Officially established in 1976 as a merger between its Alpine and Gordini competition departments, Renault Sport had to wait two decades before it sold its first RS-badged road car.

Having discontinued the Alpine brand in 1994, and seeing a return to profitability after a challenging decade prior, Renault wanted a car to remind the world of its sporting pedigree. It would also serve as the basis for a one-make motorsport series, with no requirements to be based on an existing Renault model.

Project W94 spawned the Renault Sport Spider at 1995’s Geneva motor show as a mid-engined, rear-driven two-seater with no roof and, in initial form, no windscreen, either. It had a body built from plastic composite over an aluminium chassis and was powered by a version of the 2.0-litre four-cylinder F7R engine previously seen in the Clio Williams. Tipping the scales at 930kg, it was decidedly heavier than the Lotus Elise, but with 148bhp on tap, it could still manage the 0-62mph sprint in 6.5sec.
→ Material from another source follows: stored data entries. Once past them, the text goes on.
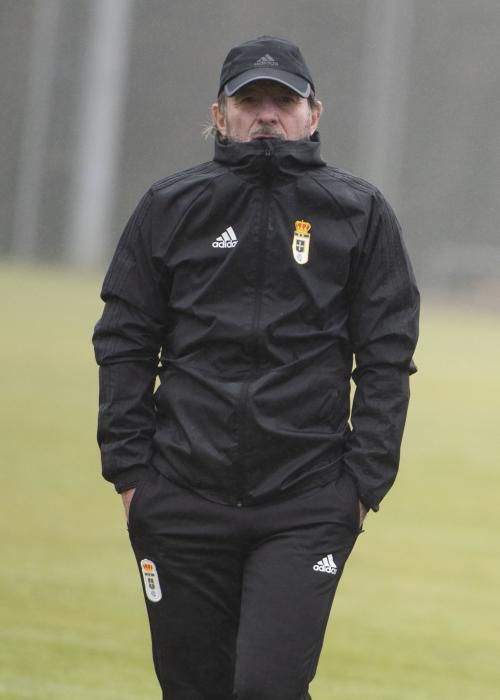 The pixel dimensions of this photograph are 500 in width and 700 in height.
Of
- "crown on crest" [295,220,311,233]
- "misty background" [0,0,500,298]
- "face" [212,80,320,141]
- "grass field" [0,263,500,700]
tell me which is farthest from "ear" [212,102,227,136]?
"misty background" [0,0,500,298]

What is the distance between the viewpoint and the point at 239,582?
2725mm

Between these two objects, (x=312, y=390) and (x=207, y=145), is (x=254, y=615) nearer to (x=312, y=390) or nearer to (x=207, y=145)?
(x=312, y=390)

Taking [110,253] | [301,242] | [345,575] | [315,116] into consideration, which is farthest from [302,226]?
[110,253]

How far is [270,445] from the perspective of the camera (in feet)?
8.72

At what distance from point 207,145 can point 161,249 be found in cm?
1566

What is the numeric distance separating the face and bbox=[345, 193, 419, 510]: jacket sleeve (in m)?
0.19

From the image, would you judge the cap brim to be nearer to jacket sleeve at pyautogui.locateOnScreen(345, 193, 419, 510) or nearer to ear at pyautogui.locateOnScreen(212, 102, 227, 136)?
ear at pyautogui.locateOnScreen(212, 102, 227, 136)

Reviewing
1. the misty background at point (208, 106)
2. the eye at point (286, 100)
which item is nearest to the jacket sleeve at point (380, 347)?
the eye at point (286, 100)

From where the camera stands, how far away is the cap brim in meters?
2.70

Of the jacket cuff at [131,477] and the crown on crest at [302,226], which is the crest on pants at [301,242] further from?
the jacket cuff at [131,477]

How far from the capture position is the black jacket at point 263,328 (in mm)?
2668

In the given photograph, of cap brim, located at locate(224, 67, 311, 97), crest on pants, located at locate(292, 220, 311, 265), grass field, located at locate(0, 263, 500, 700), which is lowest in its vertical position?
grass field, located at locate(0, 263, 500, 700)

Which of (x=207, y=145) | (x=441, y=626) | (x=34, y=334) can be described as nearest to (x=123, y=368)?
(x=441, y=626)

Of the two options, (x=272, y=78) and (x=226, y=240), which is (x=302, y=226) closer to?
(x=226, y=240) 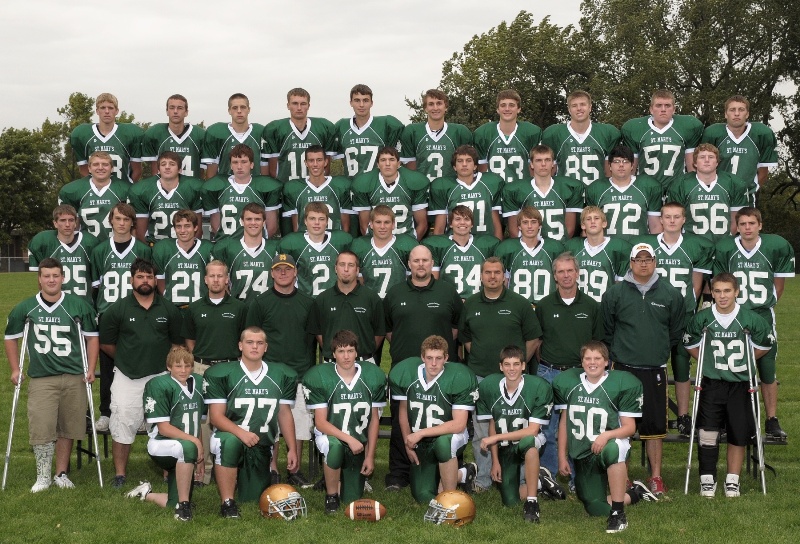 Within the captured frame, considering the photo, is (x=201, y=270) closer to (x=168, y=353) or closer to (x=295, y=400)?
(x=168, y=353)

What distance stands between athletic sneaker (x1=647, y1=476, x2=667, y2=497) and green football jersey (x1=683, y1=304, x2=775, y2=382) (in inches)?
39.6

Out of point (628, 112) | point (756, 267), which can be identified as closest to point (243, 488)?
point (756, 267)

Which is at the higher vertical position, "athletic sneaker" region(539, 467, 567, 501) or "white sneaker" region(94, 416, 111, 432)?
"white sneaker" region(94, 416, 111, 432)

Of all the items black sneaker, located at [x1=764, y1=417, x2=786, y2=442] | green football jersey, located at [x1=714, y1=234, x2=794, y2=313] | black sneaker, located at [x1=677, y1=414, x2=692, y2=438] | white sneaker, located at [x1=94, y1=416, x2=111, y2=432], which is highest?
green football jersey, located at [x1=714, y1=234, x2=794, y2=313]

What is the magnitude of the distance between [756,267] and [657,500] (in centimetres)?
254

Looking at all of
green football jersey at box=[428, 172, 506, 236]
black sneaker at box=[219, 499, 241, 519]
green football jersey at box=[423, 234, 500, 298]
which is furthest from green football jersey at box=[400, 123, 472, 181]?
black sneaker at box=[219, 499, 241, 519]

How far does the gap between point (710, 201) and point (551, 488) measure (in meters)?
3.53

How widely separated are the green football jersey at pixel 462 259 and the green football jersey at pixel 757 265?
7.29 ft

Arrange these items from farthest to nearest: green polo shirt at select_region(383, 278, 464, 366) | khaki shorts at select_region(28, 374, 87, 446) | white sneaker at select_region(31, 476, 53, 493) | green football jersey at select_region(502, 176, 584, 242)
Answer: green football jersey at select_region(502, 176, 584, 242) → green polo shirt at select_region(383, 278, 464, 366) → khaki shorts at select_region(28, 374, 87, 446) → white sneaker at select_region(31, 476, 53, 493)

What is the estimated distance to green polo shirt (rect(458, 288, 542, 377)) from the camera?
8.43m

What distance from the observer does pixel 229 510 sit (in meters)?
7.55

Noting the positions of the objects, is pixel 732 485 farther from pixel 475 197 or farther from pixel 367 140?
pixel 367 140

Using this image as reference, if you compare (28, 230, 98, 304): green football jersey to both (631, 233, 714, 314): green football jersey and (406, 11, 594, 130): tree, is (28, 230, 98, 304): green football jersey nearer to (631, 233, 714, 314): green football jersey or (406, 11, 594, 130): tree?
(631, 233, 714, 314): green football jersey

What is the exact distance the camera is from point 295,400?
28.0 feet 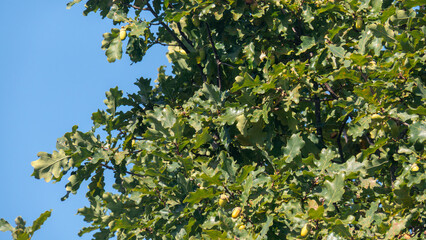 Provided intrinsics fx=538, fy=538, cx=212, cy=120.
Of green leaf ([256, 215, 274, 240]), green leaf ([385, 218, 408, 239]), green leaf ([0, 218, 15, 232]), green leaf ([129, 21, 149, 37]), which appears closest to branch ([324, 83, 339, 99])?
green leaf ([385, 218, 408, 239])

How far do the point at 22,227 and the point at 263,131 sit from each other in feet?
7.59

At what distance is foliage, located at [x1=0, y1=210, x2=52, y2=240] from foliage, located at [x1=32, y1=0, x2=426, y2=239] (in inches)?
39.4

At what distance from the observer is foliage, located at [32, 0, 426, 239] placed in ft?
13.5

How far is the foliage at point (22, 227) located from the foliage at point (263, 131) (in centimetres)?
100

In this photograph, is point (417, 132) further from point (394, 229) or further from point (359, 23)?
point (359, 23)

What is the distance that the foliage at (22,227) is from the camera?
3.46 m

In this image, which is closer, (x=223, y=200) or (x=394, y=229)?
(x=394, y=229)

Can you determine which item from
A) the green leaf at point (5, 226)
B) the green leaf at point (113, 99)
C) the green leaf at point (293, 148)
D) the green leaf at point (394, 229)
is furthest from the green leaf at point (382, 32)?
the green leaf at point (5, 226)

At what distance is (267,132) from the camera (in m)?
4.98

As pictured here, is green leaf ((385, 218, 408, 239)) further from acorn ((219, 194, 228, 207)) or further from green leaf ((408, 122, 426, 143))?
acorn ((219, 194, 228, 207))

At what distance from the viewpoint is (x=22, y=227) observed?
12.0 ft

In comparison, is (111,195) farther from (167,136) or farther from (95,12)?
(95,12)

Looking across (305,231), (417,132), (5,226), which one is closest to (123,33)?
(5,226)

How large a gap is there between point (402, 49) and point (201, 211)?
85.7 inches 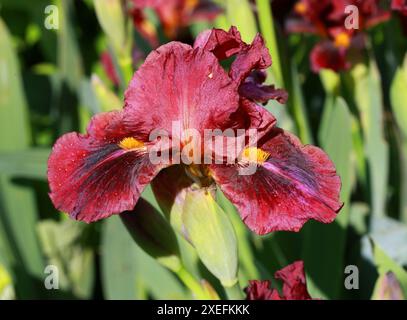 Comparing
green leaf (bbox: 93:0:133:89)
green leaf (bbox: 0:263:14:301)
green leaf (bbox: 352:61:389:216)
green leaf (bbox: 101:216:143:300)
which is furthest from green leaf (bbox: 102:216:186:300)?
green leaf (bbox: 352:61:389:216)

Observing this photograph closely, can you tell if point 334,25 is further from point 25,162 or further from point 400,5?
point 25,162

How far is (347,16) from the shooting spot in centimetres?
125

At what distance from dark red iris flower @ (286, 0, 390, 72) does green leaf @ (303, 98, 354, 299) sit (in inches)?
6.5

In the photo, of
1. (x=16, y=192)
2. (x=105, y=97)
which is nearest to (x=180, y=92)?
(x=105, y=97)

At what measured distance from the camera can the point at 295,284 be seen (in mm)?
871

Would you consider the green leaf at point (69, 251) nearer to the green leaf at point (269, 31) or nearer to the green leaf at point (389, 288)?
the green leaf at point (269, 31)

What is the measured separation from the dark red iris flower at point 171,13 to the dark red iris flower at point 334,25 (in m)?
0.22

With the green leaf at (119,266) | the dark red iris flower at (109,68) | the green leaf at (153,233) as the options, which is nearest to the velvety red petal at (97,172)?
the green leaf at (153,233)

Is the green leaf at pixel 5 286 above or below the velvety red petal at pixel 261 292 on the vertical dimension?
below

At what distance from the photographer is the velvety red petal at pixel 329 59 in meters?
1.25

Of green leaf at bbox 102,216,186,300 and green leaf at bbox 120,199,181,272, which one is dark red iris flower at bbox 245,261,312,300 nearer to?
green leaf at bbox 120,199,181,272

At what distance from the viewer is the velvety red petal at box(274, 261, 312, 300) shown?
2.86ft

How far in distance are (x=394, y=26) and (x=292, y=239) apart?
428 millimetres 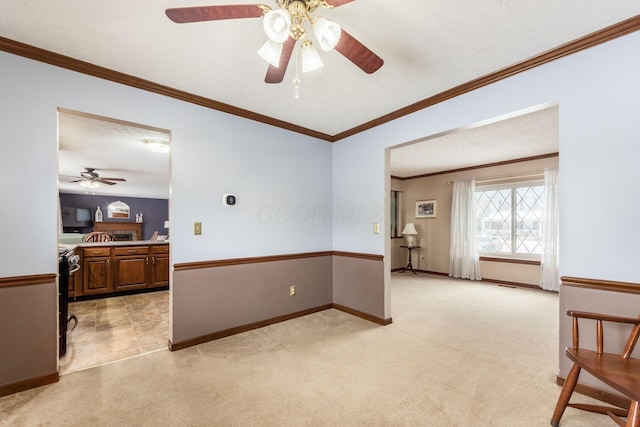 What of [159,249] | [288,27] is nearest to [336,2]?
[288,27]

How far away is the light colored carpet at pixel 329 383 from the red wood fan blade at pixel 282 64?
2.08 m

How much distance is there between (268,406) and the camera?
180cm

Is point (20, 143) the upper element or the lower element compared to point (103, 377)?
upper

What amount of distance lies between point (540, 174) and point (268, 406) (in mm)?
5809

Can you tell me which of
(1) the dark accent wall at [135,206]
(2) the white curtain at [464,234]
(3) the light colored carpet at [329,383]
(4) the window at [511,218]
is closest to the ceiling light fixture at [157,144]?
(3) the light colored carpet at [329,383]

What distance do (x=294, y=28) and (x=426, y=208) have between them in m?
6.17

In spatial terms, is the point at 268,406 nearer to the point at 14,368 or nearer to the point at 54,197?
the point at 14,368

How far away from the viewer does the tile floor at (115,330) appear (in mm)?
2469

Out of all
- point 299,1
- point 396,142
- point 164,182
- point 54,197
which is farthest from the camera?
point 164,182

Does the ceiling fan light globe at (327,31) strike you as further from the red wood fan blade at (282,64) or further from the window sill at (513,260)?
the window sill at (513,260)

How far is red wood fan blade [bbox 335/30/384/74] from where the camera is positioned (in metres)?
1.44

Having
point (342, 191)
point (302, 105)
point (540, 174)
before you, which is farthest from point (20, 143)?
point (540, 174)

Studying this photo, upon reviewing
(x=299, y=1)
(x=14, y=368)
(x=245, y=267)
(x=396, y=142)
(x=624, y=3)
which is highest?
(x=624, y=3)

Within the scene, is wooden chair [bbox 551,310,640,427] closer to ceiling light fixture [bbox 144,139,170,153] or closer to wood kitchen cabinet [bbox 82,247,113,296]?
Answer: ceiling light fixture [bbox 144,139,170,153] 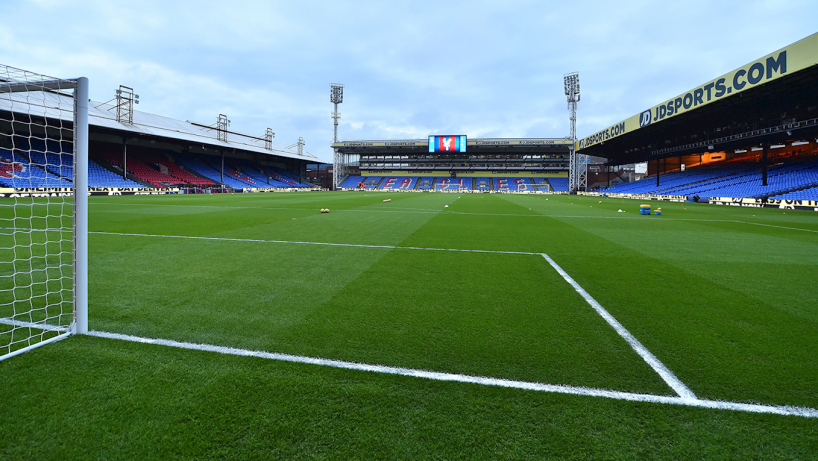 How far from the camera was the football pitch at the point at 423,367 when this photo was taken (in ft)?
5.60

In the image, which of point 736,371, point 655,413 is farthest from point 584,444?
point 736,371

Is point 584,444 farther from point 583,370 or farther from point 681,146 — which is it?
point 681,146

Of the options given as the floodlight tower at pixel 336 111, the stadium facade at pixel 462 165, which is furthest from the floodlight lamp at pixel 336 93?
the stadium facade at pixel 462 165

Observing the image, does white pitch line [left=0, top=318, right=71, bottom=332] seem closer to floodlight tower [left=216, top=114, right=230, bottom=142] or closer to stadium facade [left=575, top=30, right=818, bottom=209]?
stadium facade [left=575, top=30, right=818, bottom=209]

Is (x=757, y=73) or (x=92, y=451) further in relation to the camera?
(x=757, y=73)

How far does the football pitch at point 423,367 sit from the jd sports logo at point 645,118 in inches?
1160

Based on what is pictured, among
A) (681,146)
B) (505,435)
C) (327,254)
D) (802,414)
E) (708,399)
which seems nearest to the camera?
(505,435)

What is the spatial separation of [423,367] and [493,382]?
441 mm

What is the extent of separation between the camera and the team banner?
16.9m

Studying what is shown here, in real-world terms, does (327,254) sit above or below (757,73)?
below

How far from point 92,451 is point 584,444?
85.8 inches

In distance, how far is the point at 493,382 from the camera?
2189 mm

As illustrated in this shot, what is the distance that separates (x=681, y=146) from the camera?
118 feet

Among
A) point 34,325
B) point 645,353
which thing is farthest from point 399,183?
point 645,353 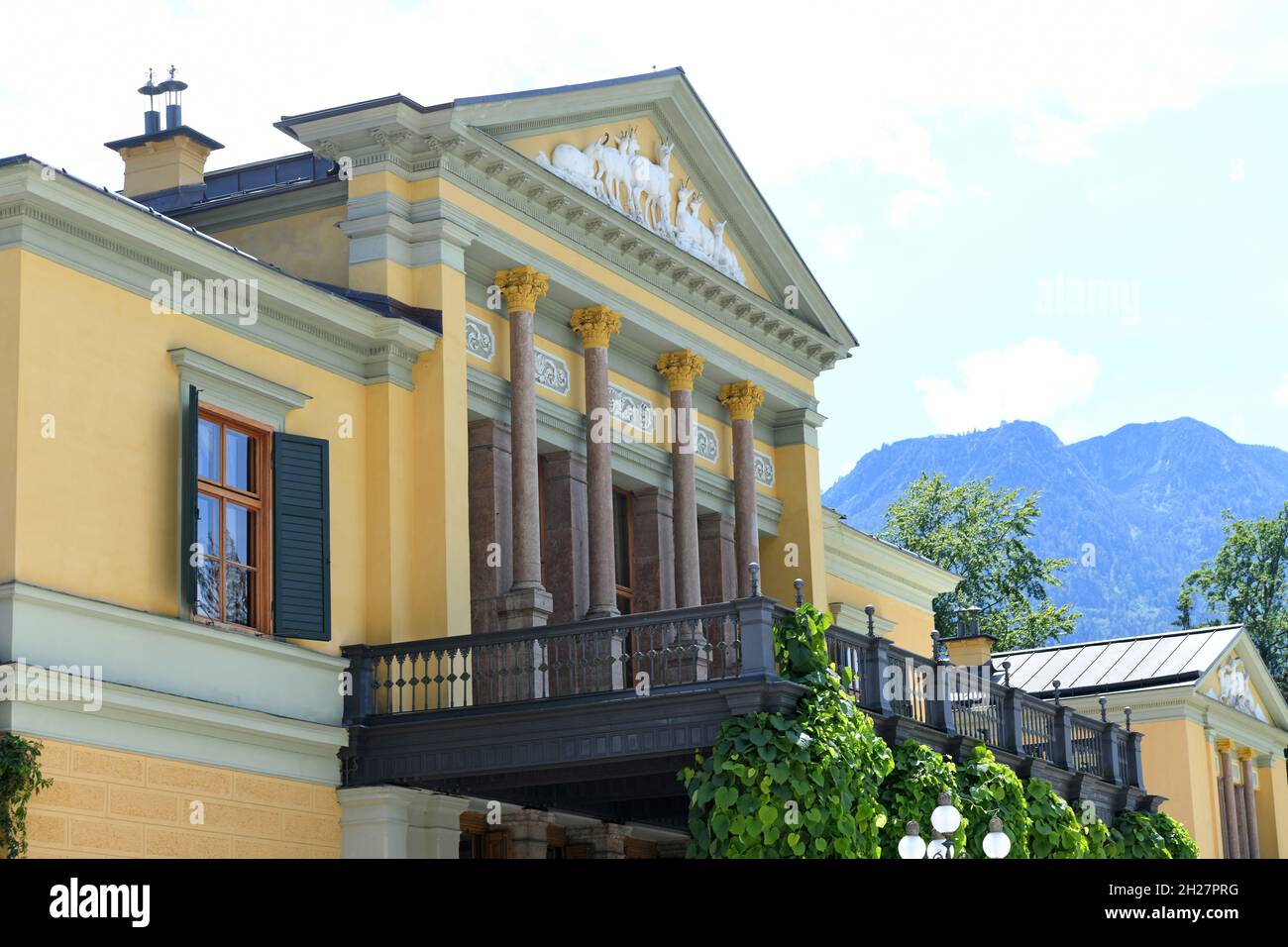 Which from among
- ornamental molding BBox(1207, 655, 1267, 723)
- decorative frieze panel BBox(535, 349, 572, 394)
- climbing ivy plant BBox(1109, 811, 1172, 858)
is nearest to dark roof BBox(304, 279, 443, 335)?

A revised version fitted with a windscreen came in 1997, with 96 right-hand-drive cars eventually produced for the UK, although Renault produced a total of only 1685 cars throughout the Spider’s lifetime - barely a tenth of what Lotus achieved with its now iconic Elise.

The division instead concentrated on performance versions of road-going Renault models, starting with the Clio 2. It had contributed to the Clio 16v and Clio Williams, but neither car had carried the division's name. The Clio Renaultsport 172 was launched in 2000 with a 2.0-litre naturally aspirated engine tuned to produce 168bhp. A more purposeful bodykit and OZ alloy wheels set it apart from lesser Clios, while the well-honed chassis ensured handling was far beyond anything rivals were achieving at the time. A facelift followed, along with a stripped-out 172 Cup, which used stiffer suspension but lost air-con and anti-lock brakes to save weight.

In the meantime, the motorsport side of the business had created a radical mid-engined Clio to replace the Renault Sport Spider trophy race series. A road-going version was given the green light as company executives hoped to replicate the ballistic Renault 5 Turbo.